Australian food, may contain traces of what?!!

Moving from the UK to Australia, these food differences are a bit bizarre!

  • Chocolate, yak just yak. You see Dairy Milk then taste the vile monstrosity and view never again. I have to raid the European chocolate, hello Lindt you’re just usually for special occasions, but here you’re my go to for sugar and PMT fix. The limited edition honeycomb mars bar is passable, I think all the sugar makes it taste pretty good so you can’t taste the dodgy chocolate! Crunchie, after over a year I can now tolerate!
  • Tim tams? They’re like penguins, but not as good, although they come in a large variety of flavours.
  • Chicken burgers etc are mostly thigh not chicken breast – I kept getting nasty surprises!
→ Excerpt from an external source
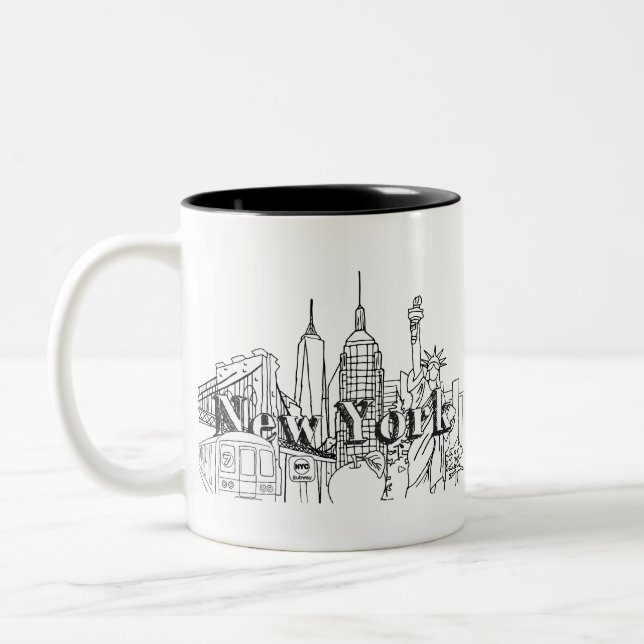 Downtown NYE New York Vacation Souvenirs NYC Gift Two-Tone Coffee Mug (Left)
  • Crisps are dire – someone send me a care package – I need Frisps, Discos, French Fries, Monster Munch and Kettle Chips in my life!
  • The colours are just wrong – think you’ve finally found prawn cocktail flavour crisps? That familiar pink packet will have you crying when you realise it’s really salt and vinegar. Blue packet, no it’s not cheese and onion either. Want pickled onion, forget about it!!
  • Sweets (or lollies) as they’re called here aren’t great. You’ll need to go to a British lolly shop if you want anything like fizzy dummies from back home.
  • Flavours are different – pick up a pack of skittles, yum that green apple tasted a lot nicer than the lime, but the purple one, usually my blackcurranty goodness flavour, gross just gross, some awful grape fake flavour!
  • Christmas party food sucks, you can buy mini Asian treats but that’s about it! How is it Christmas without Christmas party food?
  • Orange Fanta in the fast restaurants tastes great – just like the USA, I guessing it’s still full of nasty ingredients but I don’t care I love it! Buy it in the bottle and not so great. Bizarre!
  • Hungry Jacks (Burger King), KFC & McDonalds (or Maccas as they call it – sure you sell similar things, but just so not the same, this is enough to send me packing for home!
  • Get a burger & you’ll most likely get both BBQ & mayo on it. I don’t get it – tomato please any day!
  • Brown sauce is virtually none existent. Mint sauce you’ll need to pay a premium price for imported stuff, but they do have mint jelly. Want Thai sweet chilli sauce? Read the packaging the Australian version is just plain wrong!
  • A trip to the supermarket makes me cry, if you don’t get the Macarena song stuck in your head from all the golden oldie songs they play, then unless you’ve managed a find a superstore then kiss choice goodbye.
  • Want a vast choice of salad or fruit though and you’re in the right place.  Just watch out, the fruit doesn’t last that long.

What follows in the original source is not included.